The OPCO also grants the WFOE an irrevocable and exclusive option to purchase or designate another party to purchase, to the extent permitted under the relevant PRC laws and regulations, any or all of the assets owned by the OPCO (including its equity interest in 深圳市樂宜科技有限公司 (Leyi Science and Technology Co. Ltd.*)).
Without the WFOE’s prior written consent, the OPCO and the VIE Equity Owners will not themselves or procure others to sell, transfer, mortgage or otherwise dispose of all or part of the equity interests in or assets of the OPCO.
Exercise price: For acquisition of the entire equity interests in the OPCO, if the PRC law does not require an evaluation of the equity interests in or assets of the OPCO when the option is exercised, the total purchase price shall be RMB10,000 for 100% of the equity interests.

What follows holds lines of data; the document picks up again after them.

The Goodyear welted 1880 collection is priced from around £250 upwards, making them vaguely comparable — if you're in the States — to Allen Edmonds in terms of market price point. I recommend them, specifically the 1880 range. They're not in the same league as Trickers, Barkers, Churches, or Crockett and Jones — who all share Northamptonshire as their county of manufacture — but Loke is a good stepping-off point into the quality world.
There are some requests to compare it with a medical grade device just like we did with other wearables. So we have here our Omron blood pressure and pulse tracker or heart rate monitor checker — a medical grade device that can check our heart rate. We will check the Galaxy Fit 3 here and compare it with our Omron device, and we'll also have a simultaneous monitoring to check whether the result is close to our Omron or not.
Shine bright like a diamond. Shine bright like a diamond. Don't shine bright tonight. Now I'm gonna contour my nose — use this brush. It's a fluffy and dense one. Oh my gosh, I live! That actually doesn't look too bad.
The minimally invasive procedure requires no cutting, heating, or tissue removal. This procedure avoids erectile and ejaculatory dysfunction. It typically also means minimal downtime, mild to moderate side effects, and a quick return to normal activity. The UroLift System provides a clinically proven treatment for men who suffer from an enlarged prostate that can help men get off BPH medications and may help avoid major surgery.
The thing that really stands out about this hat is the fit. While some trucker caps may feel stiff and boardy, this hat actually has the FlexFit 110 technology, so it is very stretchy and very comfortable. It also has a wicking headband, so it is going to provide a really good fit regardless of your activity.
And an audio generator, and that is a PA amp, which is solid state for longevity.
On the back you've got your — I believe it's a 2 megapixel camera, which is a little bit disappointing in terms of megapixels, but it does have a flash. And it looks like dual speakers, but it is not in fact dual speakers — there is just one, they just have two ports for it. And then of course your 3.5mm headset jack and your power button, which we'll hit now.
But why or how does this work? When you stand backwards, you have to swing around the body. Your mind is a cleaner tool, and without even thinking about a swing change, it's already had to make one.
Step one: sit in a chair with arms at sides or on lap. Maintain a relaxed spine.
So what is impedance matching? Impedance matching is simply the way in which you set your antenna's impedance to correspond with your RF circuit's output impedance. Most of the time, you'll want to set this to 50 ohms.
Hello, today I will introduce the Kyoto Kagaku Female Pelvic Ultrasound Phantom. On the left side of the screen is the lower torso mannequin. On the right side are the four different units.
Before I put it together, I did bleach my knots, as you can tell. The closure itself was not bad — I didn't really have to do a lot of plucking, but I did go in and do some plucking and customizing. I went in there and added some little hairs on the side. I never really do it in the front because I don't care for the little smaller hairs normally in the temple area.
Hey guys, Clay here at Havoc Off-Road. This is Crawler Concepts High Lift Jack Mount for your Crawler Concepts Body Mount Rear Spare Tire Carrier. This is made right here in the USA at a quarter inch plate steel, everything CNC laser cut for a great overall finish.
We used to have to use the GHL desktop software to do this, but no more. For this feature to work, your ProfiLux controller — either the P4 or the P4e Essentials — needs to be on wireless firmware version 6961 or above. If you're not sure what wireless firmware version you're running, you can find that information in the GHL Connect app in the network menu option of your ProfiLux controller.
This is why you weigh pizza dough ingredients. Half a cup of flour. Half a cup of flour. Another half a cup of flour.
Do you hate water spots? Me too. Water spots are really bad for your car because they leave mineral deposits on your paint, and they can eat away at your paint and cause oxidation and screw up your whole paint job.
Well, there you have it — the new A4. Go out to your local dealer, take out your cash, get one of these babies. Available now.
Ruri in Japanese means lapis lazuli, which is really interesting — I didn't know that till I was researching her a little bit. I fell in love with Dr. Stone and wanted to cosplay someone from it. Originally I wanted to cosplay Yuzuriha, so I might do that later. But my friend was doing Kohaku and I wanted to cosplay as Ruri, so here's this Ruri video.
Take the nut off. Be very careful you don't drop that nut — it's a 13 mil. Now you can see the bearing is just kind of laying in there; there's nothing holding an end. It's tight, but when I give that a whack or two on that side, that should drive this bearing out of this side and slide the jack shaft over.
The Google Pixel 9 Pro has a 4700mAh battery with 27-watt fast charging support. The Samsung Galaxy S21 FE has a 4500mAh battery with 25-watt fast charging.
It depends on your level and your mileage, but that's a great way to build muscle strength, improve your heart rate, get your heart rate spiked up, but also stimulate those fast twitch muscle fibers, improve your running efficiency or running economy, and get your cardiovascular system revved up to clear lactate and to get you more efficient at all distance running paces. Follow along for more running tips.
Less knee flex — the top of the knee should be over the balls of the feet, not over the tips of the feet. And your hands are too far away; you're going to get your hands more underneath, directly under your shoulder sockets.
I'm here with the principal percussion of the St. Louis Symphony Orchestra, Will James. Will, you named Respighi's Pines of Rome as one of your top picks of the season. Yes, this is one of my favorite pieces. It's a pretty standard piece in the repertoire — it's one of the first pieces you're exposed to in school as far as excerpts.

If the PRC law requires such an evaluation, the total purchase price shall be (i) 1% of the evaluation price; or (ii) the minimum price permitted by the then applicable PRC law.
For acquisition of assets of the OPCO, the purchase price shall be the lower of (i) the book value; and (ii) the minimum price permitted by the then applicable PRC law.
The proceeds received by the OPCO and the VIE Equity Owners from the exercise of the option under the Exclusive Call Option Agreement shall be unconditionally returned to the WFOE or its designated party.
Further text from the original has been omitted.